Mark Kelly and Gabbv Giffords aren't retreating on gun regulations.
When the Senate failed in April to reach the 60-vote threshold to pass a watered-down bill that would have required background checks on most buyers of firearms, advocates of stricter gun laws made clear they would not be retreating into the woodwork. Among them was former Rep. Gabby Giffords, who was severely injured in a mass shooting in Tucson in 2011. She
responded to the vote with an op-ed in the
New York Times:
Speaking is physically difficult for me. But my feelings are clear: I’m furious. I will not rest until we have righted the wrong these senators have done, and until we have changed our laws so we can look parents in the face and say: We are trying to keep your children safe. We cannot allow the status quo—desperately protected by the gun lobby so that they can make more money by spreading fear and misinformation—to go on.
Since then, via their organization
Americans for Responsible Solutions, Giffords and her husband, former astronaut Mark Kelly, have shown that she meant what she said. Next week, the two
will be on the road to seven states trying to persuade senators who voted against expanded background checks to change their minds. They'll be using polls showing strong majorities of Americans favor such checks as part of their arsenal.

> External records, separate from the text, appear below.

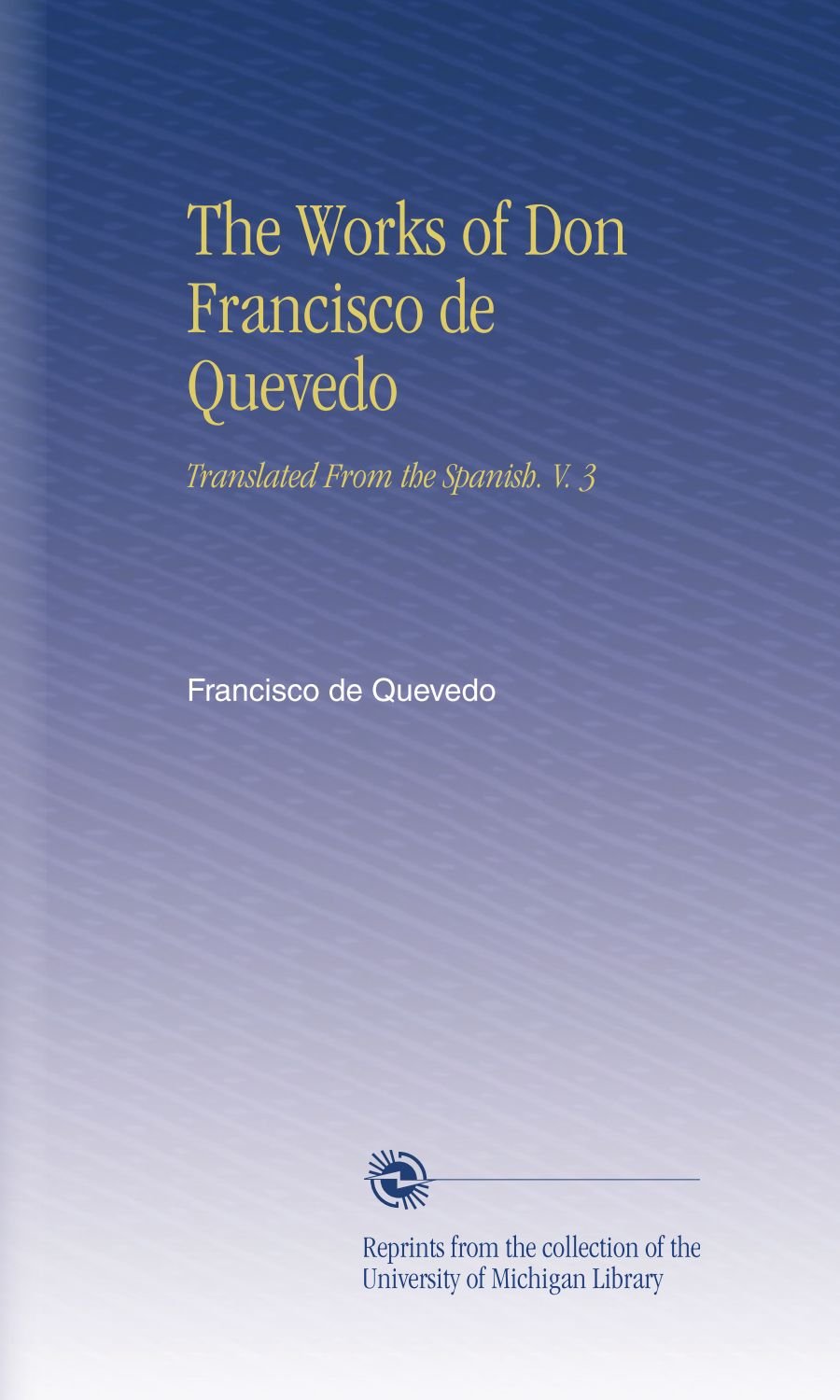 The Works of Don Francisco de Quevedo: Translated From the Spanish. V. 3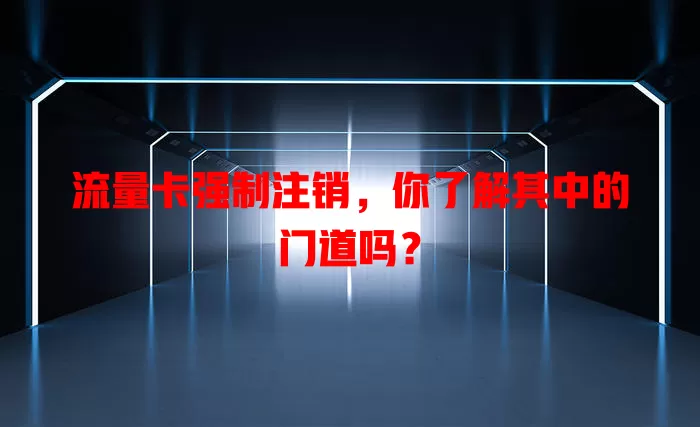 流量卡强制注销，你了解其中的门道吗？
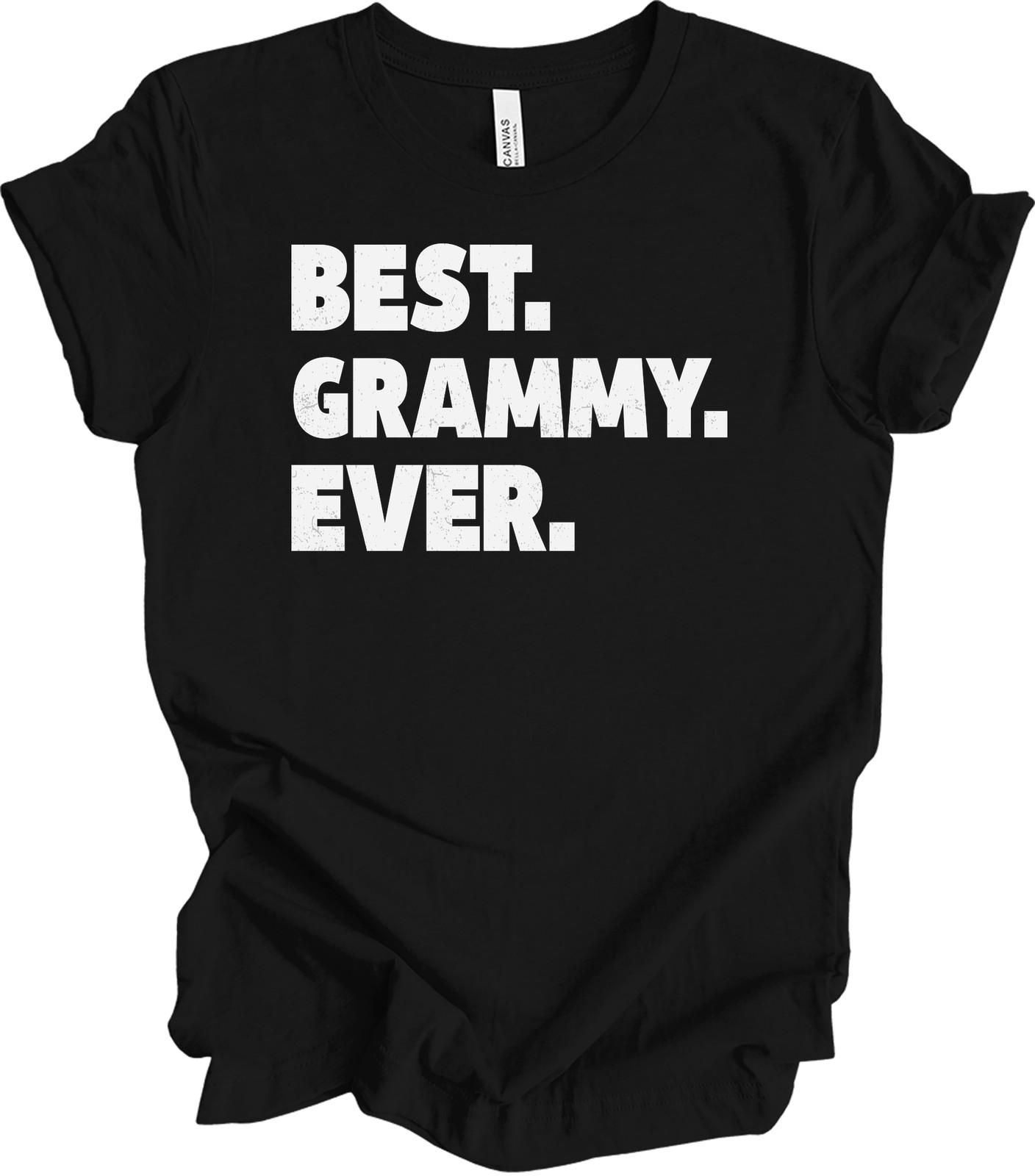 Best Grammy Ever Shirt - Perfect Gift for Grandmothers XXXXL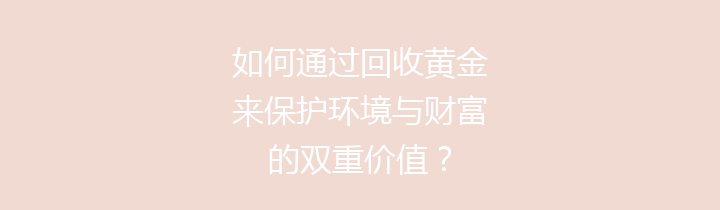 如何通过回收黄金来保护环境与财富的双重价值？
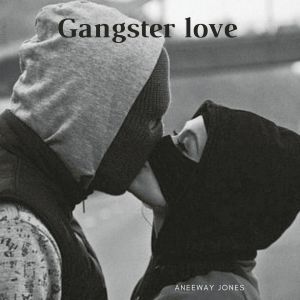 Aneeway Jones的專輯Gangster Love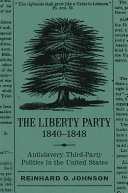 The Liberty Party, 1840-1848 : antislavery third-party politics in the United States /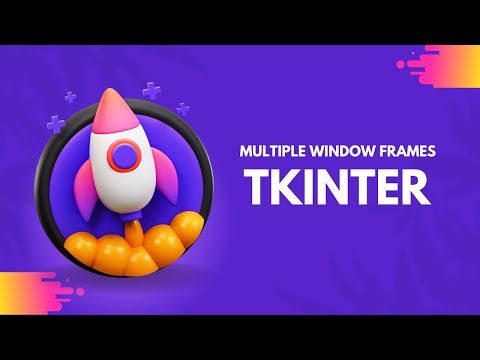 Python - How to Create Multiple Window Frames with TKinter ( The easiest way )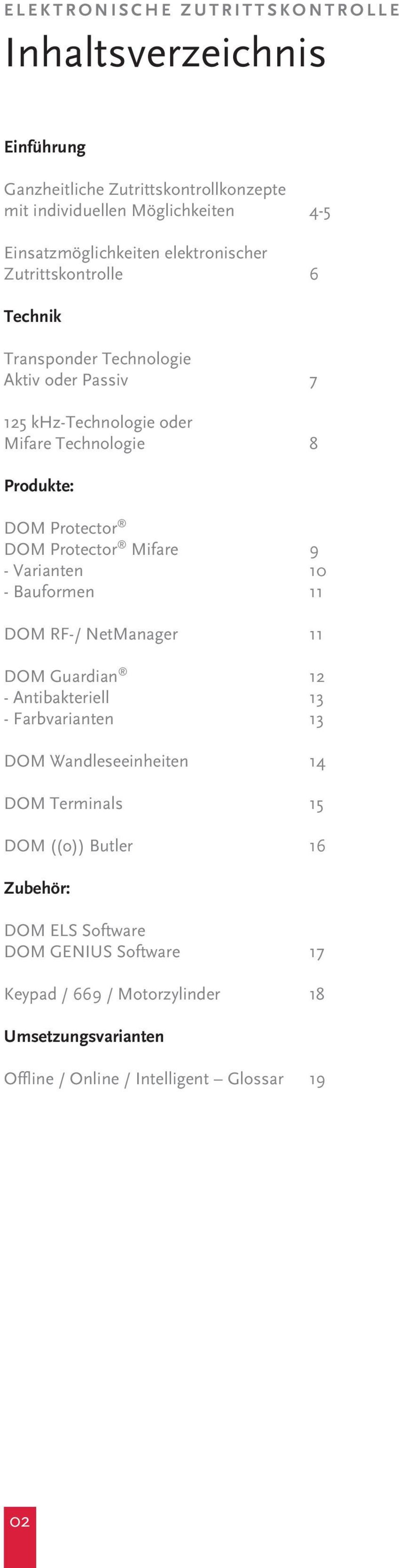 Mifare 9 - Varianten 10 - Bauformen 11 DOM RF-/ NetManager 11 DOM Guardian 12 - Antibakteriell 13 - Farbvarianten 13 DOM Wandleseeinheiten 14 DOM Terminals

The duo will start out in Nevada July 1 and subsequently visit Alaska, Maine, New Hampshire, North Carolina, North Dakota and Ohio. “Our intention is not to chastise people,” said Pia Carusone, Giffords’s longtime top aide, but rather to “draw attention to the leadership that’s needed on this issue.”

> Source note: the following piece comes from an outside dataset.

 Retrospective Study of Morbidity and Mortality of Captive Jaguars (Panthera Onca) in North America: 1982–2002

What five of those states have in common is a senator who voted against the compromise background check proposal put together by a small bipartisan group earlier this year and ultimately presented in the Senate by Democrat Joe Manchin III of West Virginia and Republican Pat Toomey of Pennsylvania. Giffords and Kelly will also visit North Carolina and Maine to thank Democrat Kay Hagan and Republican Susan Collins, respectively, for their yes votes on the background-check bill.
In Nevada, however, there's Republican Sen. Dean Heller, who won by a relatively narrow margin against his Democratic challenger in 2012. The state has a growing Latino electorate that is trending Democratic. As in every other state, support for expanded background checks in Nevada is very strong. Even in households where there is one or more member of the National Rifle Association, 69 percent favor background checks on all gun purchases.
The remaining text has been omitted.